The Internet is the largest collection of data humanity has ever created. And that is something that obviously has not gone unnoticed by the governments, Law Enforcement and even the private sector. Nowadays, many post their personal information freely and willingly on social networks or all over the net. Why not use this gigantic and free dataset and analyze it with AI?
What is OSINT?
During the days of the Cold War gathering intelligence about the enemy was all the rage. In those days HUMINT (human intelligence, gathered from a person), COMINT (communications intelligence, gathered from voice communications) and SIGINT (signals intelligence, from electronic signals that are not COMINT) where the main sources of intelligence, although there are some others.
Then came the Internet. In the beginning nothing much changed, but once the Internet went mainstream and the social networks and the Smartphone arrived, everyone had suddenly the opportunity to publish anything online in a matter of seconds. With worldwide reach.
And this created a whole new category of intelligence: OSINT (Open Source Intelligence). This is, intelligence produced by collecting publicly available information. To be frank, OSINT is actually much older and dates from WWII, when intelligence was gathered by listening to enemy public radio and later TV. But with the digitization of information and the Internet, OSINT went really into overdrive.
Information is not intelligence
Before we go further, it is necessary to clarify one thing: having information available is no intelligence. What makes information into intelligence is having a purpose when looking at that information. Or to say it another way: if the information you have collected is used to gain an insight or answer a specific question, it becomes intelligence. The usual methods of extracting answers from information is by analyzing it or correlating it with other data.
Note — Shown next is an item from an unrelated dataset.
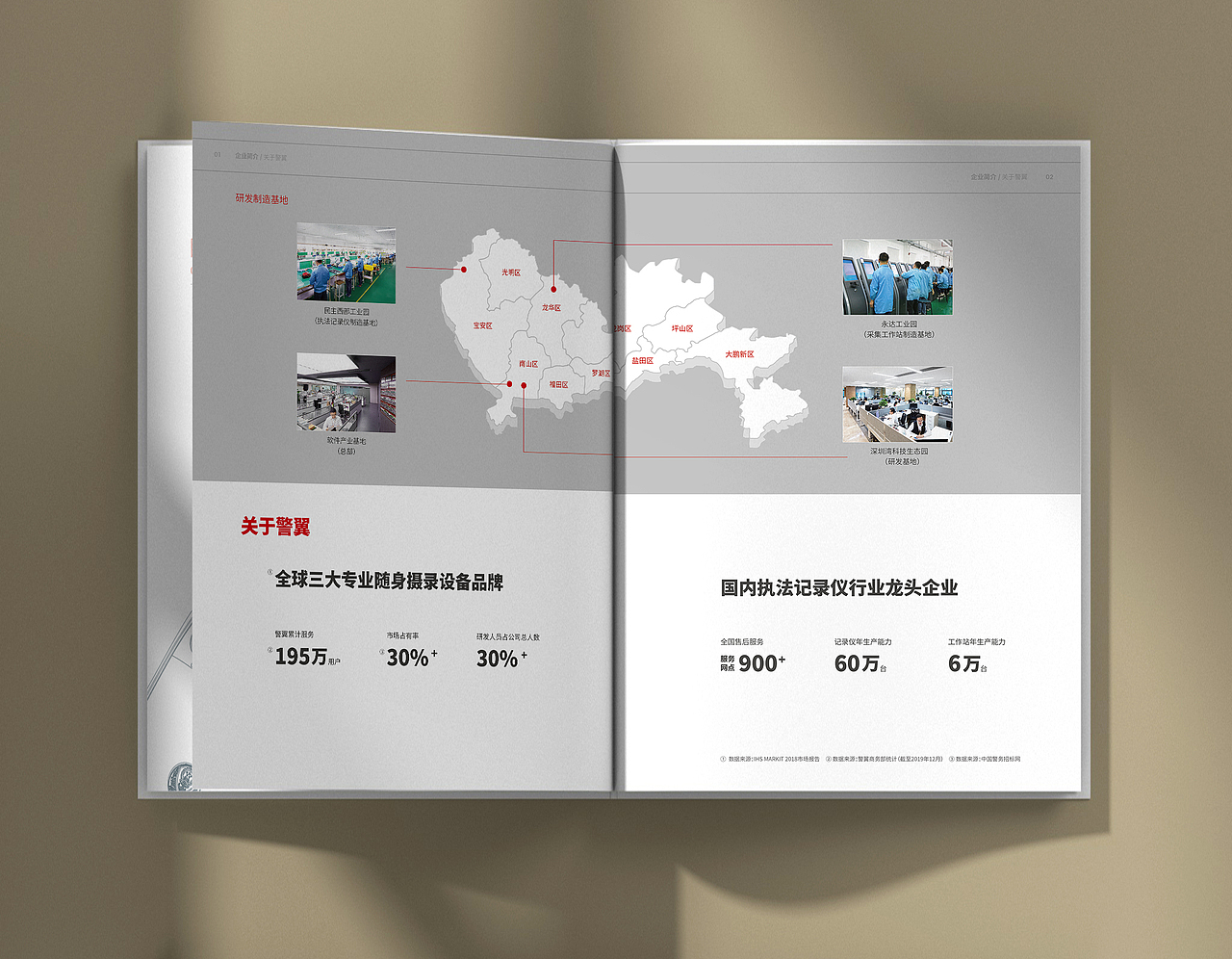 警翼·企业画册设计（2021）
What are the main OSINT data sources?
In general, as the term “Open Source” suggests, your data sources must be publicly accessible to be qualified as OSINT. This includes the following:
- News Media
- Social Media Platforms
- Websites
- Libraries
- The Dark Web
- Public Records
- Images, Audio or Video
Except, maybe, for the Dark Web, almost everyone reading this knows how to find data in all of the previous sources, using just a web browser. And even the Dark Web isn’t really that difficult.
The information you can collect from the Internet usually is in one of four formats: either text, audio, images or video. There are obviously additional formats like presentations, PDF & databases, but usually you can convert all of those into one of the main four

Who uses OSINT and for what?
In general, OSINT is available for everyone. However, to do complex investigations you obviously need more search power than that available to any private citizen. That is why the collectives that most use OSINT are the following:
- Law Enforcement. Obviously one of the biggest consumers of OSINT intelligence is Law Enforcement. They use it for their investigations, find out relationships between people or track them online, etc.
- Military. Actually, the origins of OSINT were in the military. So today they keep using it to find out possible threats, or information about individuals of specific countries.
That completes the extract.